- **YOUR TASK**:
Write out again, word for word, the lines below from the line that holds "Skirts - レディース" through the line that holds "Maroon printed viscose rayon maxi-dresses 5", omitting pictures.

[Image-caption web data]

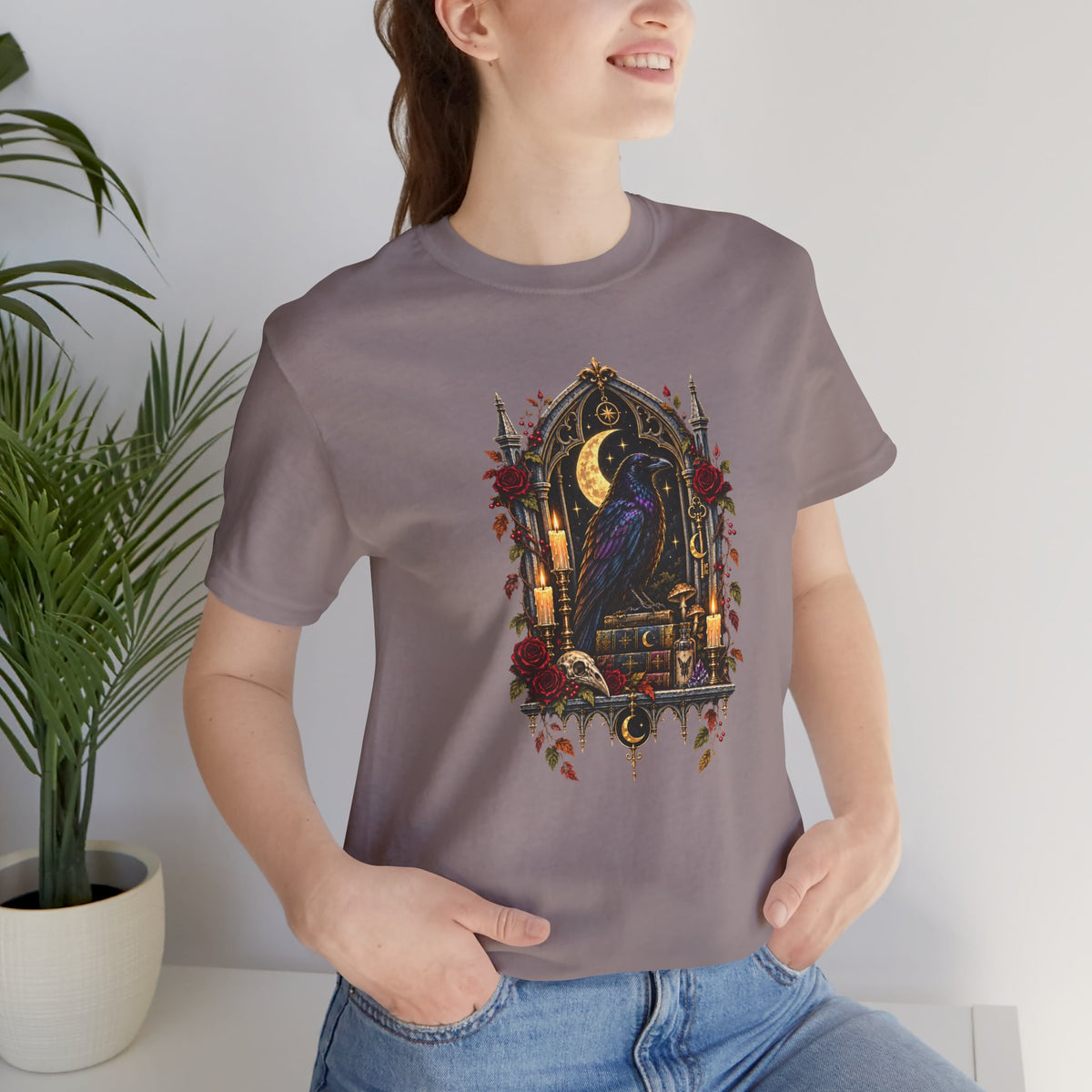 Raven’s Reliquary Tee – Gothic Moonlit Raven T-shirt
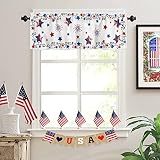 OneHoney Patriotic Stars Window Curtain Valance,4th of July Memorial Day Red Blue White USA Flag Sta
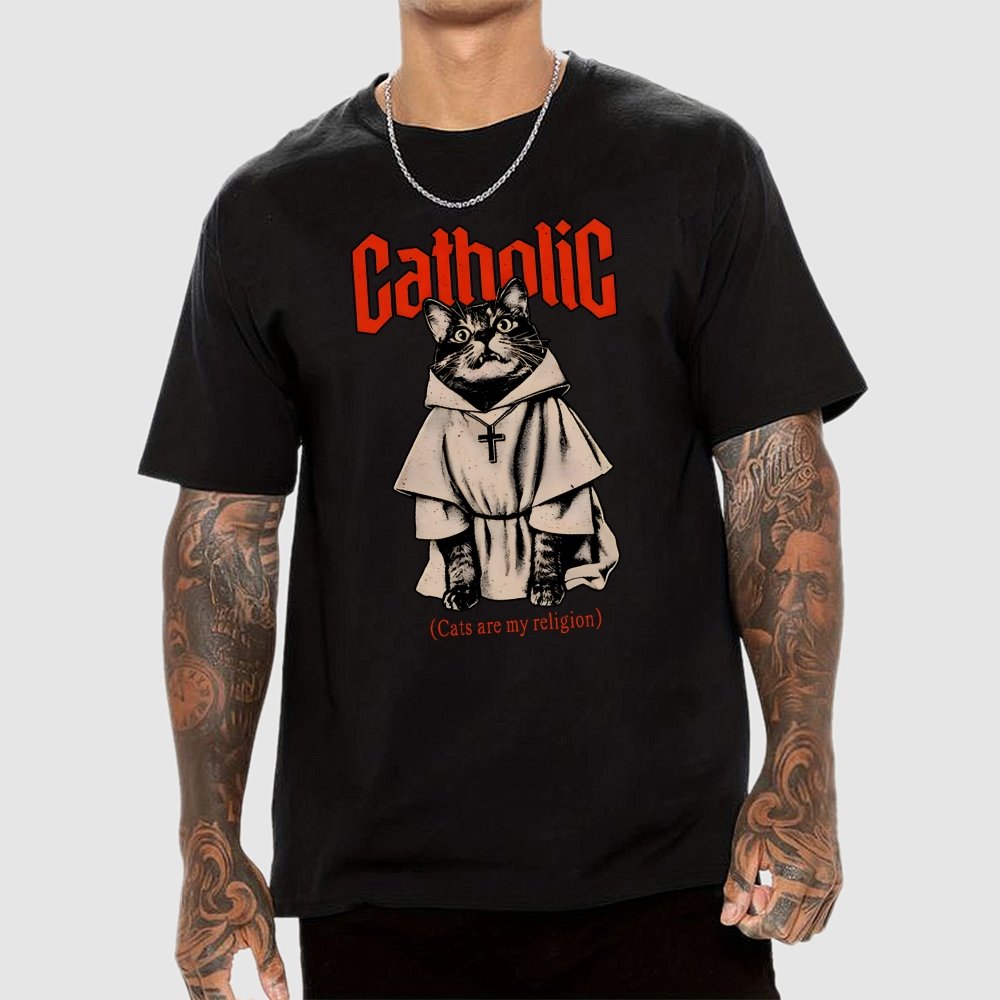 Catholic (Cats Are My Religion) Geek T-Shirt
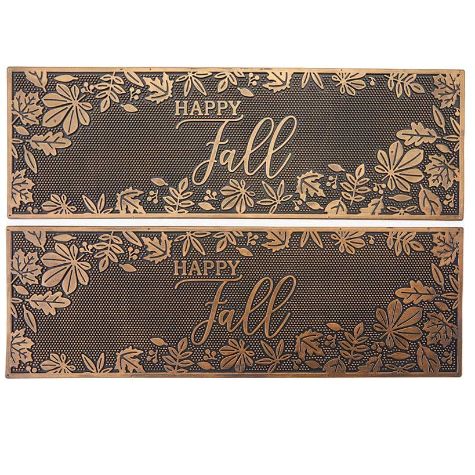 Harvest Rubber Doormats or Sets of 2 Stair Treads - Happy Fall Set of 2 Stair Treads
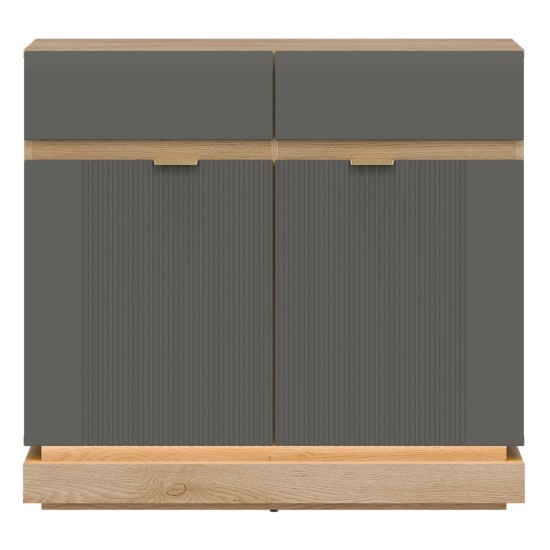 Chest of drawers MILTON 95 cm, 2 doors and 2 drawers, cremona torro oak with grey matt fronts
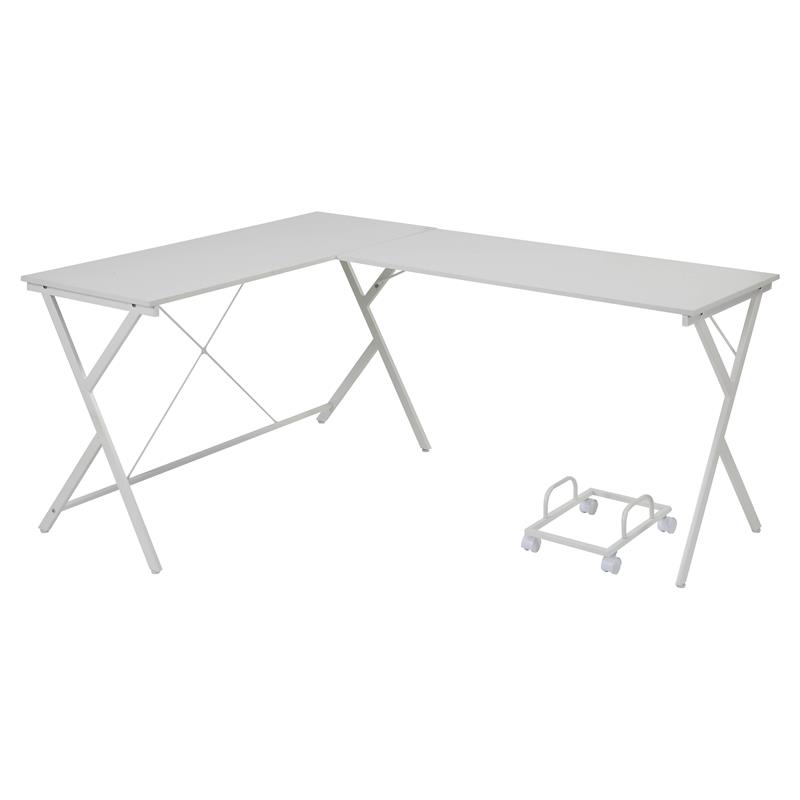 ACME Demas Wooden Top L-Shaped Computer Desk with Computer Holder in White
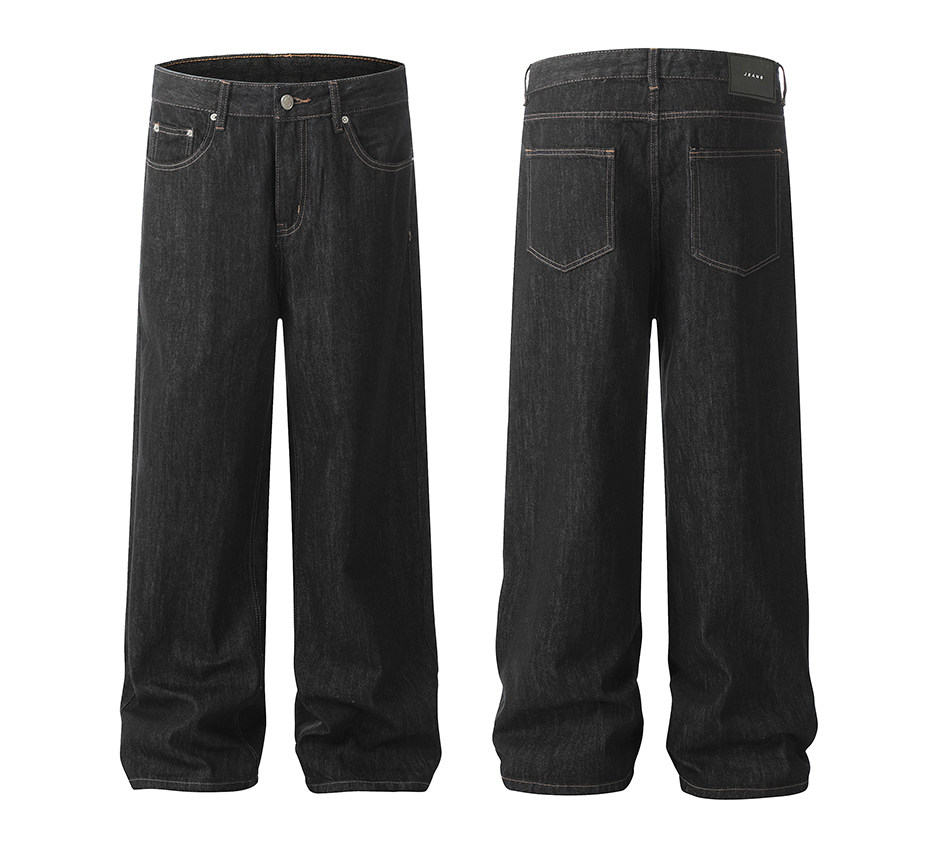 Front and back view of EastLyst Vintage Jeans in black, made from premium raw denim with a relaxed straight leg, visible stitching, button-zip closure, and side and back pockets, shown on a white background.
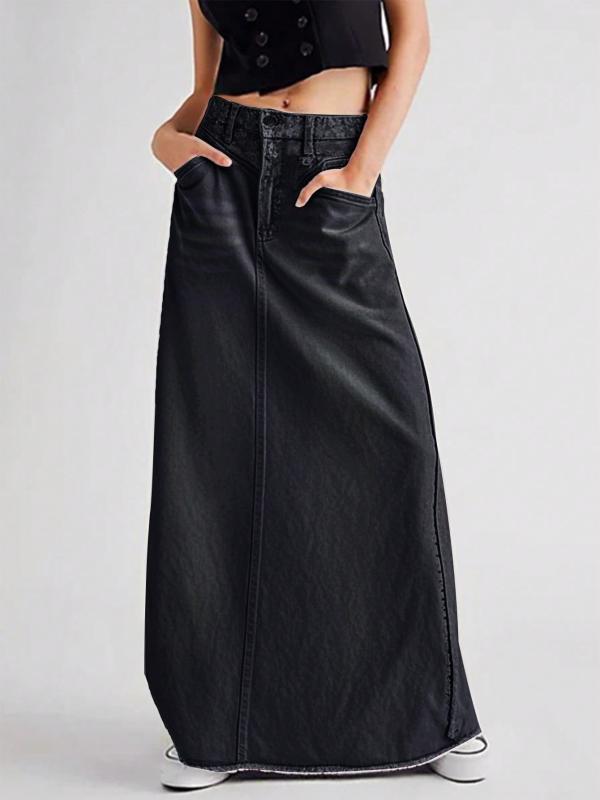 Skirts - レディース スカート 夏 牛仔 半身 ロング Aライン ブラック 気質 通勤 切り替え デザイン 垂感 ポケット 付き 軽量 伸縮性 なし デニム 素材 ポリエステル 混 色ブロック パターン 手磨き 加工 流蘇 ディテール 観光 日常 デート 職場 向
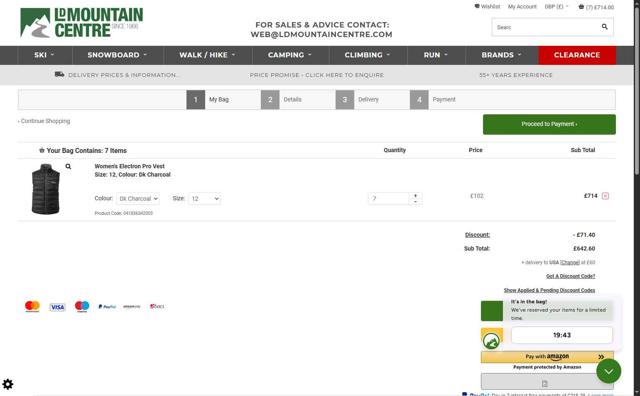 LD Mountain Centre checkout page showing LD Mountain Centre discount code box | Screenshot taken by SimplyCodes community member on Jul 30, 2025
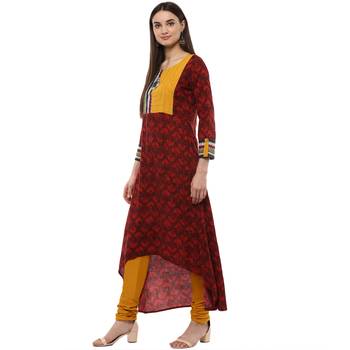 Maroon printed viscose rayon maxi-dresses 5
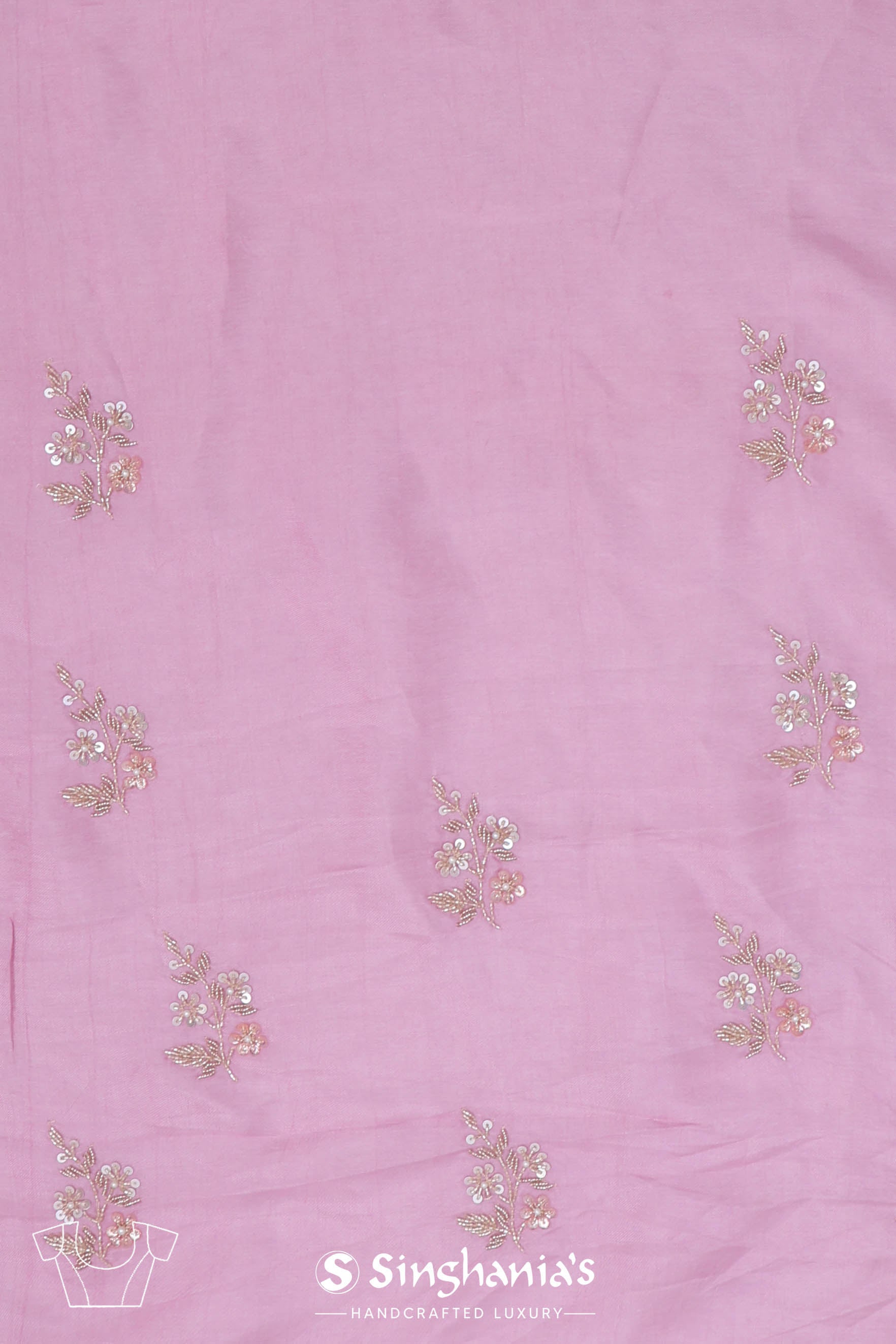 Pale Purple Tissue Handcrafted Saree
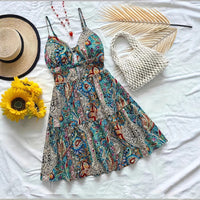 Printed Strap V Neck Hollow Out Backless Beach Dress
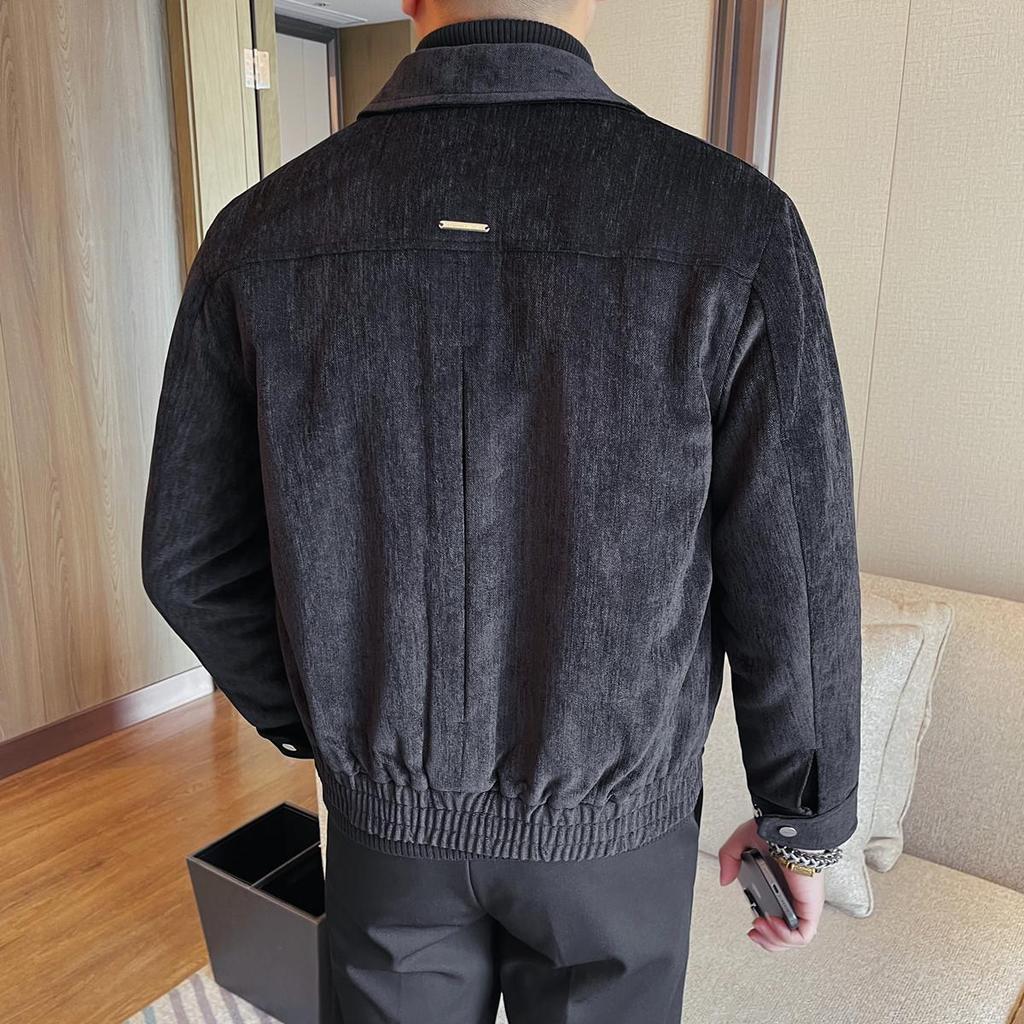 2025 Winter Men's Retro Faux Suede Lapel Motorcycle Leather Jacket - Korean Style Casual Cool Streetwear.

- **TASK SOLUTION**:
 Skirts - レディース スカート 夏 牛仔 半身 ロング Aライン ブラック 気質 通勤 切り替え デザイン 垂感 ポケット 付き 軽量 伸縮性 なし デニム 素材 ポリエステル 混 色ブロック パターン 手磨き 加工 流蘇 ディテール 観光 日常 デート 職場 向
 LD Mountain Centre checkout page showing LD Mountain Centre discount code box | Screenshot taken by SimplyCodes community member on Jul 30, 2025
 Maroon printed viscose rayon maxi-dresses 5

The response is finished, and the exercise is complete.